--- TASK TO CARRY OUT ---
After finding the line that holds "KARAPPO SEIJO TO" below, set down that line and the rest through the final one exactly, leaving the pictures out.

--- DATASET CONTENT ---

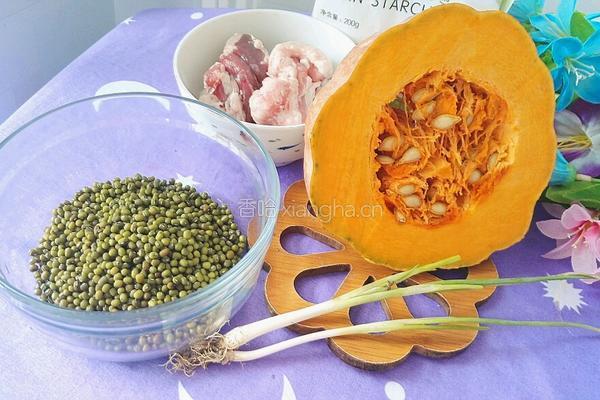绿豆南瓜圆子汤的做法图解1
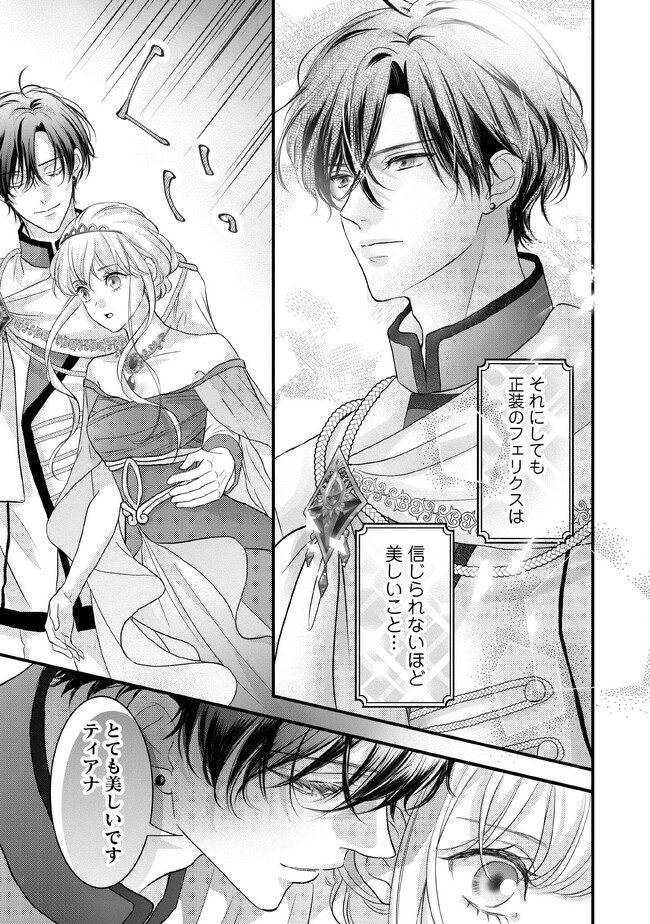 KARAPPO SEIJO TO SHITE SUTERARETA HAZU GA, TOTSUGI-SAKI NO KOUTEI HEIKA NI DEKIAISARETEIMASU Chapter 7.3 page 3 - nihonkuni.com
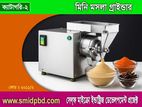 পেস্ট মেকার গ্রাইন্ডার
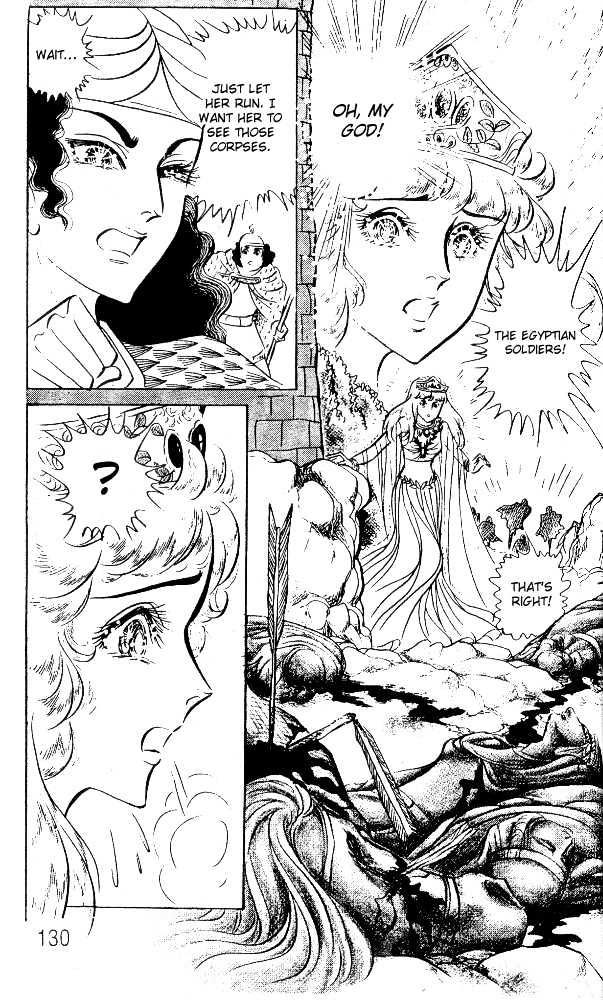 Ouke no Monshou Chapter 52 page 27 - Chapter 52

--- OUTPUT BELOW ---
 KARAPPO SEIJO TO SHITE SUTERARETA HAZU GA, TOTSUGI-SAKI NO KOUTEI HEIKA NI DEKIAISARETEIMASU Chapter 7.3 page 3 - nihonkuni.com
 পেস্ট মেকার গ্রাইন্ডার
 Ouke no Monshou Chapter 52 page 27 - Chapter 52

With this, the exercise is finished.